Re: Route External IP to Internal IP

hsd_3068_cisco · ‎03-21-2013

I have an internal DVR system that I am trying to share to the outside world. We recently put in an ASA5505 and I am having trouble getting the settings correct.

I want to use an external IP to access the DVR system from anywhere and have my ASA5505 redirect the traffic to the internal IP address. I assume I need to use a NAT and a route policy however can not figure out how it would be.

Any help would be great -

thank you - Kelli

Gregory Snipes · ‎03-21-2013

Unless you have a pool of IPs on the outside of the firewall to use for a 1 to 1 NAT, you will need know the ports the DVR device is using so that you can forward those particular ports though the PAT.

hsd_3068_cisco · ‎03-21-2013

The app uses port 80 and I own 5 static IP's, one of which I planned on using for this.

Gregory Snipes · ‎03-21-2013

Well that makes it fairly strait forward. Are you using the ASDM or command line?

hsd_3068_cisco · ‎03-21-2013

The ASDM.

davidroush · ‎03-22-2013

A simple static PAT and an ACL on the outside interface will do.

1) Go to confiiguration -> Firewall -> NAT rules

2) Use the "add" drop down and select "static nat"

3) Use these settings:

Original:

Interface: Inside

Source: IP of DVR system

Translated:

Interface: Outside

Address: Use interface address

4) Check the box "Enable Port Address Translation", enter "80" as the original port and "10080" (or whatever your desired port is) as the translated port. Click Apply

5) Go to configuration -> firewall -> access-lists.)

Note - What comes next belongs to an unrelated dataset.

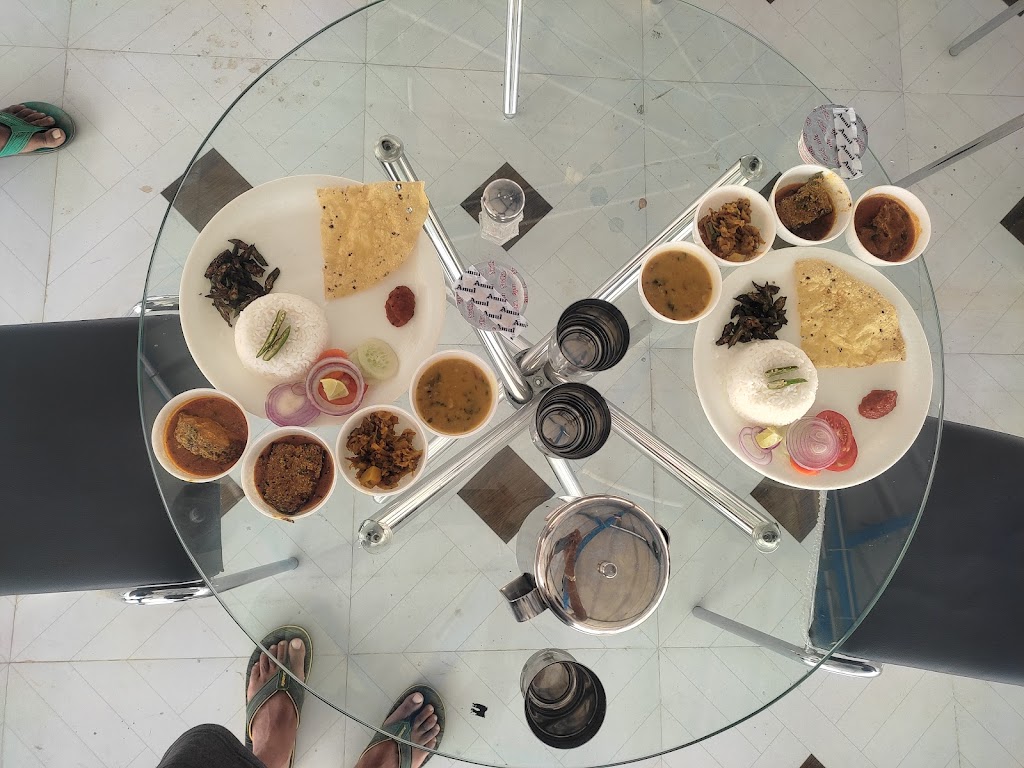 Food & drink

6) Create an access-list on the outside interface allowing traffic from your designated range destined to the outside interface.

7) Connect via HTTPS from the outside like this: https://1.2.3.4:10080 (where "1.2.3.4" is the IP address of the ASA's outside interface).

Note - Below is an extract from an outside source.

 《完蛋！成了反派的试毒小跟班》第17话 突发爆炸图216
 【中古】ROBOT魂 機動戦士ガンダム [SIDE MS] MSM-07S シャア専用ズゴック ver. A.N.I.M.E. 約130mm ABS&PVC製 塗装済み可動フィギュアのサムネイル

If you're using 8.3 and above you'll need to use objects and use the real IP for your ACLs. See here:

http://www.fir3net.com/Cisco-ASA/cisco-asa-83-nat.html

hsd_3068_cisco · ‎03-28-2013

I'm working on the PAT first - and I believe I have it correct.

For the Acces List, I have created it on the outside interface. Is the designated range suppose to be the inside-network to the outside-network? Or would it be the DVR somewhere in there?

Thank you for all your help - it really is appreciated!

hsd_3068_cisco · ‎03-28-2013

In my log viewer, I see

5

Mar 28 2013

16:44:56

305013

dvr-internal

80

Asymmetric NAT rules matched for forward and reverse flows; Connection for tcp src outside:192.168.1.XX/7964 dst inside:dvr-internal/80 denied due to NAT reverse path failure

ALIAOF_ · ‎03-29-2013

What version software are you running on it ?

hsd_3068_cisco · ‎04-01-2013

ASA : 8.2 (5)

ASDM : 6.4 (5)

jawad-mukhtar · ‎04-01-2013

Have u created Access list ..

Jawad

hsd_3068_cisco · ‎04-02-2013

This is the access rule I created:

But I don't think it's correct, it gives me a warning

I access my firewall from a remote location and once I add this access rule, I can no longer see the firewall. So I end up accessing a local computer and restoring the latest config.